Apologies if this is a duplicate. I am very new to data.table, and have seen very similar questions asked here but none that exactly answered my question.
I would like to find a concise syntax to aggregate multiple columns of a data.table with the same aggregation function, with customized names of the resulting aggregated columns.
setup
library(data.table)
data(mtcars)
setDT(mtcars)
If I call
mtcars[, lapply(.SD, sum, na.rm = TRUE), by = .(am, gear), .SDcols = c('mpg','cyl')]
The result is
am gear mpg cyl
1: 1 4 210.2 36
2: 0 3 241.6 112
3: 0 4 84.2 20
4: 1 5 106.9 30
This is great but I want the last two columns to be called by customized names that I define ahead of time.
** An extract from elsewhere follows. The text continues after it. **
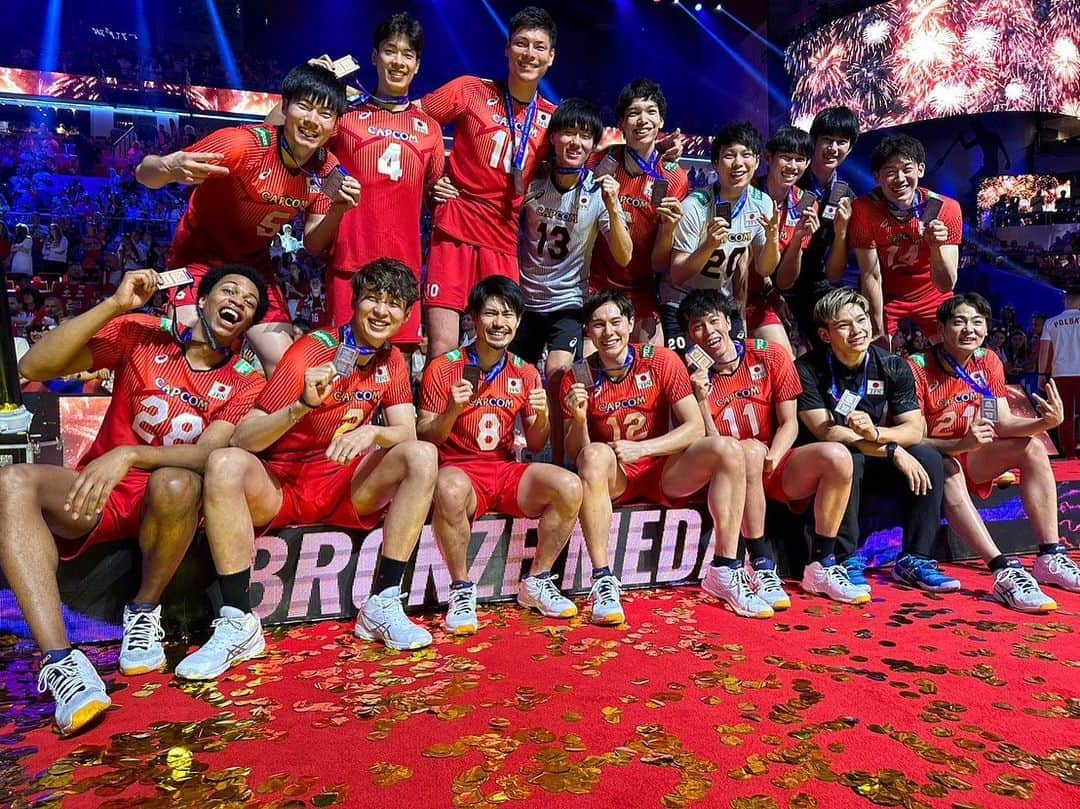 富田将馬のインスタグラム：「Awards ceremony🥉 東レアローズで撮りました🤔🤔🤔 たっちゃん📸 ・ #bronzemedal  #TORAY #🥉」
I can achieve the desired result with
mtcars[, .(sum_of_mpg = sum(mpg, na.rm = TRUE), sum_of_cyl = sum(cyl, na.rm = TRUE)), by = .(am, gear)]
This results in
am gear sum_of_mpg sum_of_cyl
1: 1 4 210.2 36
2: 0 3 241.6 112
3: 0 4 84.2 20
4: 1 5 106.9 30
But this result cannot be generalized to allow me to define the custom names beforehand.
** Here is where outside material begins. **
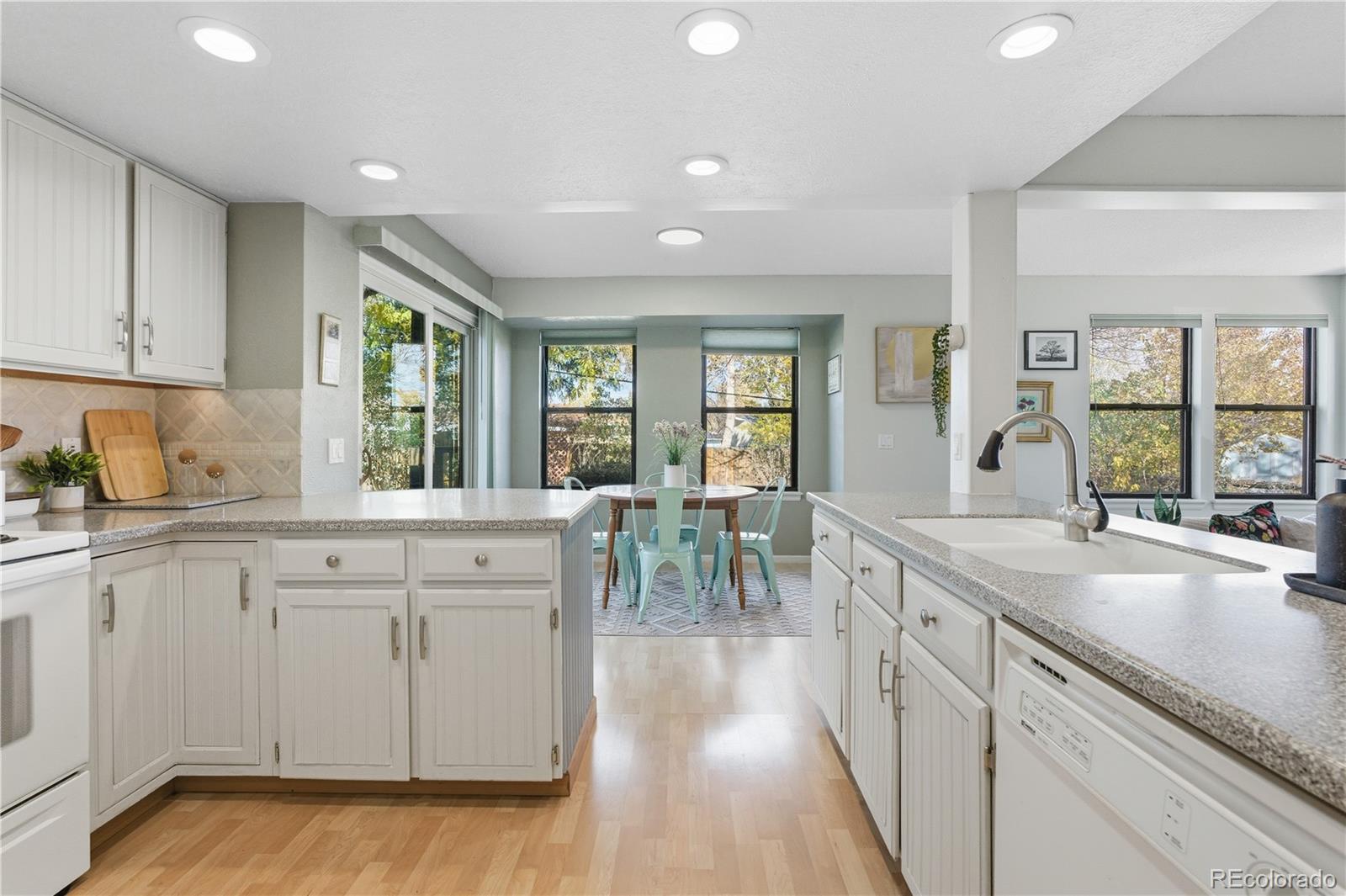 2135 E Nichols Drive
I've tried the code below and various variants of it, but nothing gives this result in one step.
custom_names <- c('sum_of_mpg','sum_of_cyl')
mtcars[, (custom_names) = lapply(.SD, sum, na.rm = TRUE), by = .(am, gear), .SDcols = c('mpg','cyl')]
Is there a way to do this concisely? This is necessary because the code may be embedded in a function and may need to work on an indefinite number of columns.